WHAT THIS TASK INVOLVES |
In the data below, begin at the line with "Lviv, Ukrayna - 6" and stop after the line with "Clérachic pebble-shaped alabaster"; output those lines exactly and no pictures.

(Captioned web image data)
+++

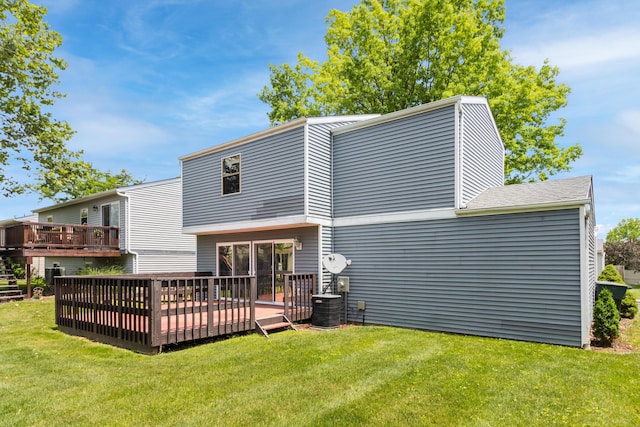 7701 Kelvinway Dr Unit 74, Columbus, OH 43085 - rear view of property with a deck and a yard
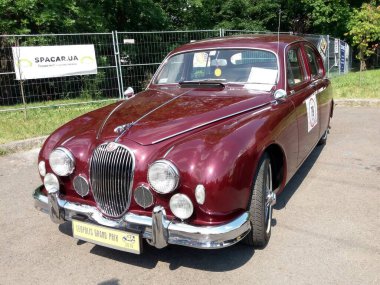 Lviv, Ukrayna - 6 Haziran 2018 Klasik bir Jaguar Mark MkII, parlak güneş ışığı altında çarpıcı bir kestane rengi ve parlak krom detaylarının yer aldığı bir araba sergisinde sergilenmektedir..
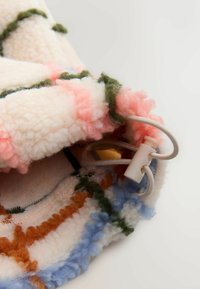 Fuzzy, pastel fleece fabric featuring pink, light blue, green, and orange patterns with a white drawstring and plastic toggle.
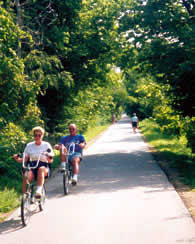 Two people riding bikes on the Constitution Trail.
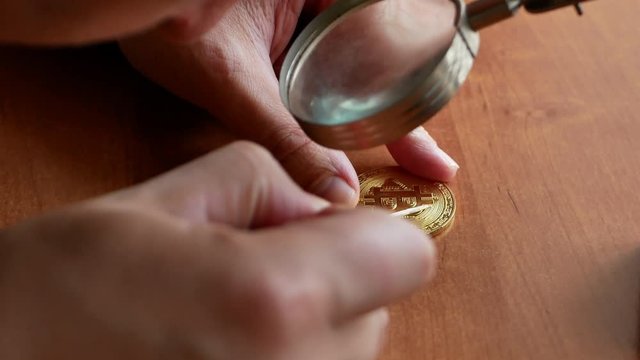 criminal man counterfeit golden bitcoin. making virtual money in real world. crypto currency mining concept close-up macro 4k video footage
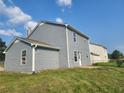 Exterior home view shows backyard with full siding, fencing, and partial blue sky at 170 Inverness Trce, Riverdale, GA 30274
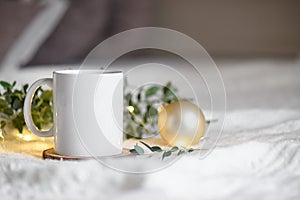 Coffee cup on a beige knited background with eucaliptus leaves and christmas garland lights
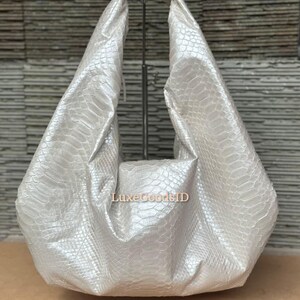 Puede incluir: Un bolso blanco perlado con un estampado de piel de serpiente. El bolso tiene un diseño grande y abierto con un solo asa. El bolso se exhibe sobre un soporte metálico contra un fondo texturizado. El texto "LuxeGoodsID" es visible.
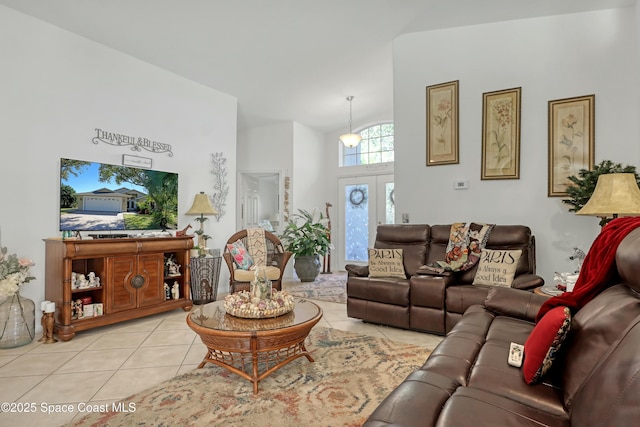 tiled living room featuring high vaulted ceiling and french doors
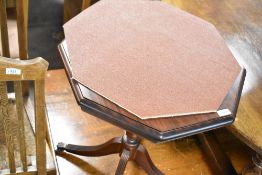 A modern mahogany octagonal occasional table in the Regency style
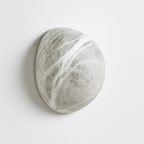 Clérachic pebble-shaped alabaster wall sconce in soft white with grey veining, mounted flat on a pale studio wall.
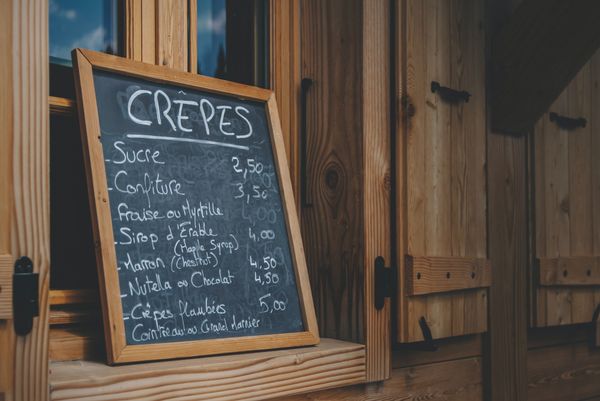 Imagem com tons escuros. Lousa com preços de crepes, está em inglês. Ao fundo uma janela de madeira.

+++

YOUR SOLUTION |
 Lviv, Ukrayna - 6 Haziran 2018 Klasik bir Jaguar Mark MkII, parlak güneş ışığı altında çarpıcı bir kestane rengi ve parlak krom detaylarının yer aldığı bir araba sergisinde sergilenmektedir..
 Fuzzy, pastel fleece fabric featuring pink, light blue, green, and orange patterns with a white drawstring and plastic toggle.
 Two people riding bikes on the Constitution Trail.
 criminal man counterfeit golden bitcoin. making virtual money in real world. crypto currency mining concept close-up macro 4k video footage
 Exterior home view shows backyard with full siding, fencing, and partial blue sky at 170 Inverness Trce, Riverdale, GA 30274
 Coffee cup on a beige knited background with eucaliptus leaves and christmas garland lights
 Puede incluir: Un bolso blanco perlado con un estampado de piel de serpiente. El bolso tiene un diseño grande y abierto con un solo asa. El bolso se exhibe sobre un soporte metálico contra un fondo texturizado. El texto "LuxeGoodsID" es visible.
 tiled living room featuring high vaulted ceiling and french doors
 A modern mahogany octagonal occasional table in the Regency style
 Clérachic pebble-shaped alabaster wall sconce in soft white with grey veining, mounted flat on a pale studio wall.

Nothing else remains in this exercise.